Dish Flash: Five Questions for Stephanie Izard

The Girl & the Goat chef is planning on opening an old-school diner called The Little Goat, a super-casual restaurant inspired by Mel’s Diner of TV fame and the diners she went to as a kid.

Stephanie IzardStephanie Izard, the chef/partner in the bigger-than-Jesus Girl & the Goat, announced her plans for an upcoming diner called The Little Goat in an interview with Eater. Dish spoke with her about the new 100-seater, which she hopes will open on Randolph Street in the fall.

Dish: First, congratulations on the first-ever Saveur review. What was that like for you?

Stephanie Izard: The article made me cry a little bit.

D: So why a diner?

SI: A few weeks after we opened here [at Girl & the Goat], we realized with lot of the stuff we are doing here, we were so tight on space. So we can move stuff [to The Little Goat] and have more prep space. That was the original reason. Breakfast and lunch—I would love to do other meals at Girl & the Goat, but I am here at 7 a.m. and can’t do it here. After a trip to New York City, a diner seemed the way to encompass all the meals and have it be super-casual. All the meals will be available all day.

D: What kind of things will be on the menu?

SI: I honestly haven’t even got to the menu yet. We were going to get the word out about the place first, and then it just kind of got out there. I’m going to go around next week and do some video. Everyone has an idea of what they think of as a classic diner. I grew up going to diners in Connecticut. We went to diners for breakfast and lunch on weekends, until I got a little older and hit the bar scene. You know, like 15.

D: What do you mean, video? Like man-on-the-street interviews?

SI: Everyone says you have to have malted milkshakes, you have to have meat loaf, you have to have club sandwiches. I’m curious what other people are thinking to get my mind racing.
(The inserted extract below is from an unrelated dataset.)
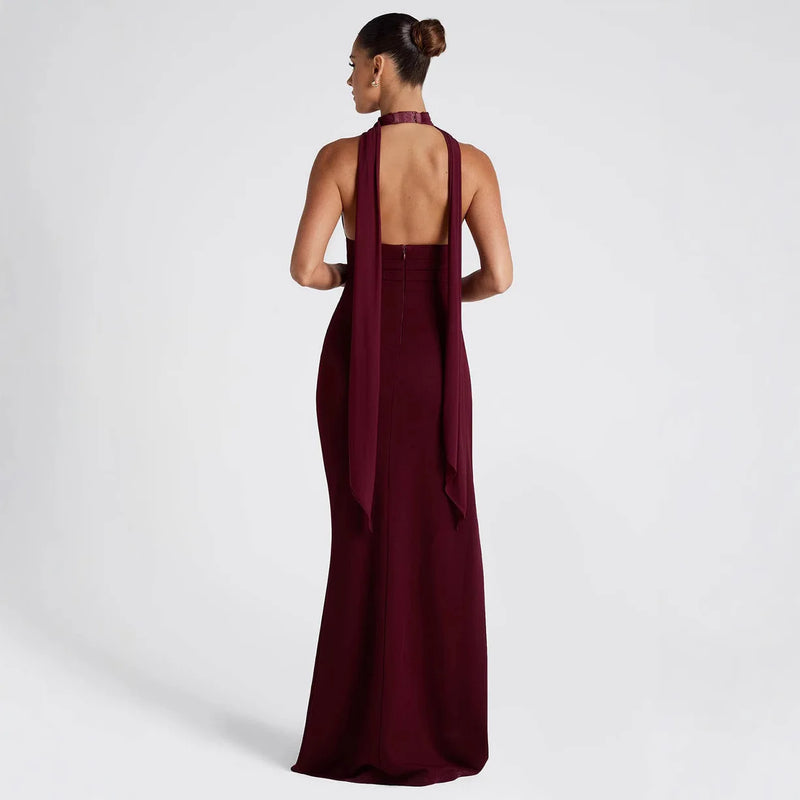 Rovioo Bodycon Maxi Dress with Deep V-Neck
D: What will the vibe be like at The Little Goat?

SI: Today we were watching part of Alice, that old show with Mel’s Diner. That’s what’s in my head. Not little pink diner outfits, but just the feeling that you get when you see an old-school diner like that.

D: Who do you imagine as the customer base for The Little Goat? Girl & the Goat types, or a whole new group?

SI:  A little of both. I personally am moving to this neighborhood. There are a lot more people moving in. A breakfast and lunch place will do very well. On your way home from work maybe you don’t want Girl & the Goat—it’s a big party every night. Maybe you want to grab a burger or club sandwich. It’s a little bit of a risk, but it has worked for some other chefs in the city. Some of the big ones.